If you're like most people, your home may be your greatest single asset an investment that will hopefully increase in value over time. You home may also be your largest expense and debt. Safeguarding your investment starts at the beginning, with the mortgage itself. Here are some tips:
- Shop around for the best mortgage value when buying a home. Factors to consider include:
- Interest rates, points and length of mortgage. Make sure you are comfortable with the mortgage payments from the start.
- Buy the house you need, with the payment you can afford. And if you think that a few percentage points in the interest rate don't make much of a difference, think again.
- Always check the reputation and stability of the financial institution. It is common practice among some institutions to sell mortgages to companies which offer limited, if any, service after you sign. Ask before you sign.
- Shop around for refinancing. With interest rates hovering around 7%, now may be the best time to review your mortgage and see if you can refinance at a better rate and a lower monthly payment. The rule of thumb is that if you can get a rate at least two percentage points lower than your current one, refinancing may be your best bet.
- Be aware of the dos and don'ts of home equity loans. Home equity loans have become the primary source of instant cash for many families. But keep in mind that you are actually borrowing from yourself tapping the equity you have accumulated in your home. There are two types of home equity loans.

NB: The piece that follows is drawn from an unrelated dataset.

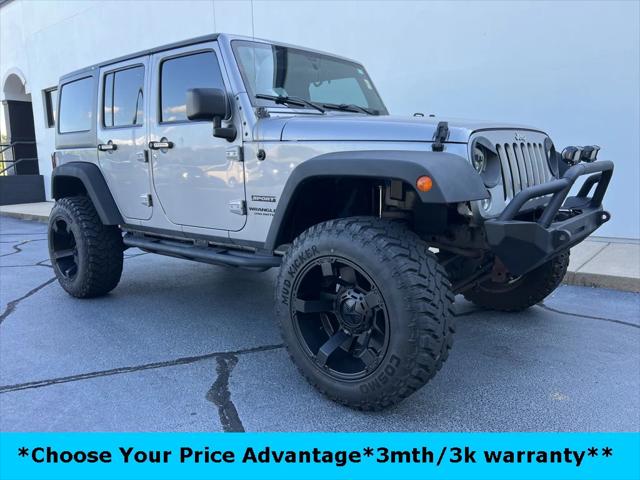 2016 Jeep Wrangler Unlimited Sport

The first is a fixed loan, the traditional second mortgage. The second is an equity line of credit. Once the loan is approved, a sum of money is ready and waiting for you when you need it. It sometimes comes complete with check writing privileges.

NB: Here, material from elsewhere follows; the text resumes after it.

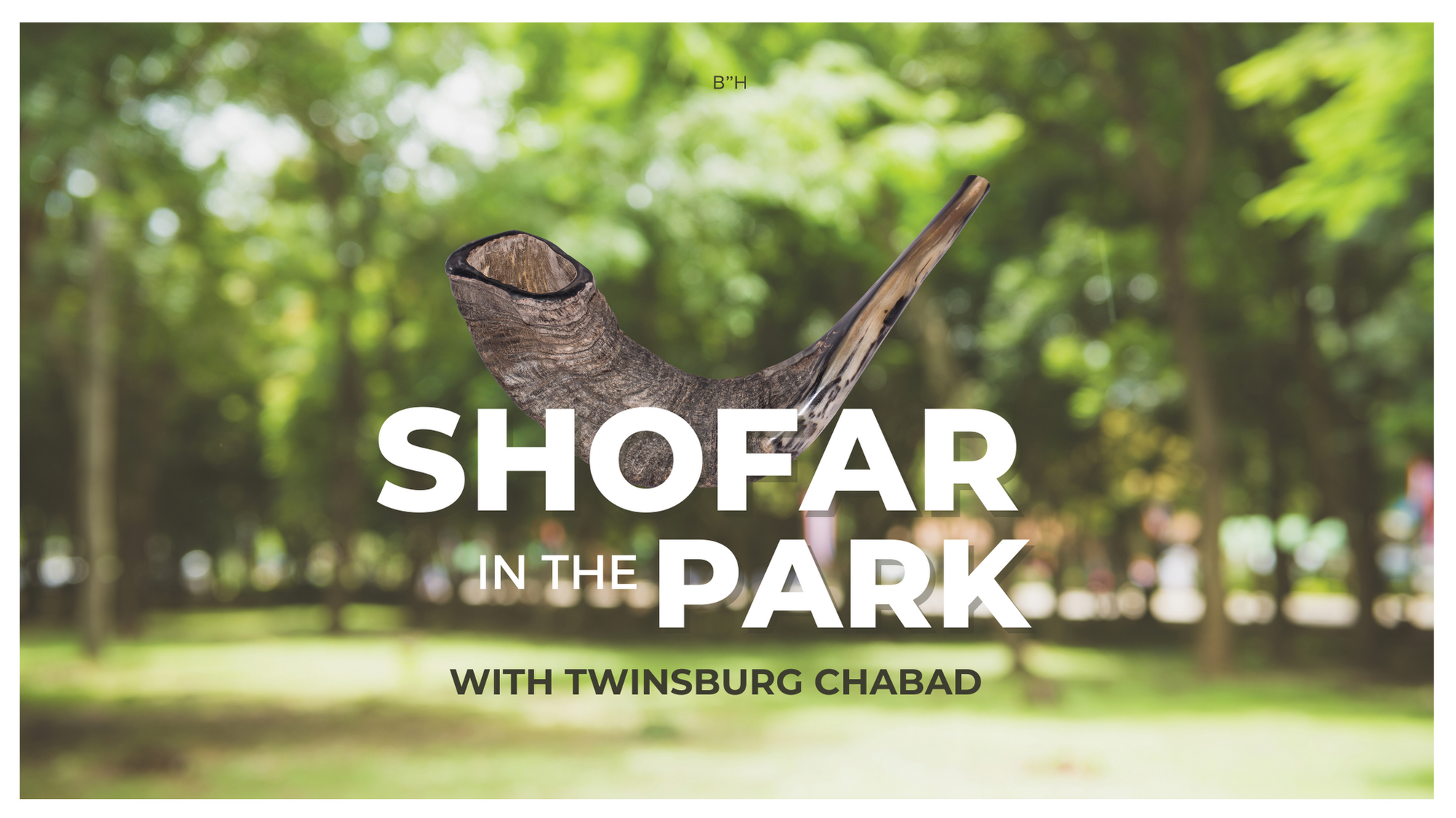 Shofar in the Park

Consider home equity loans as a source of financing only when:
- You would ordinarily borrow money anyway such as for home improvements or major repairs, college expenses, a new car.
- You expect to remain in your current home for several more years.
- You have a plan and the means to pay yourself back. A home equity loan should be used to help you achieve major objectives not bail you out of trouble. And remember, you are borrowing from your own future.
Don't consider a home equity line of credit if:
- You are in a financial bind. If you're already strapped for cash, taking on the burden of that extra payment could jeopardize your home.
- You are thinking about using it to fund a vacation or some other well-deserved treat.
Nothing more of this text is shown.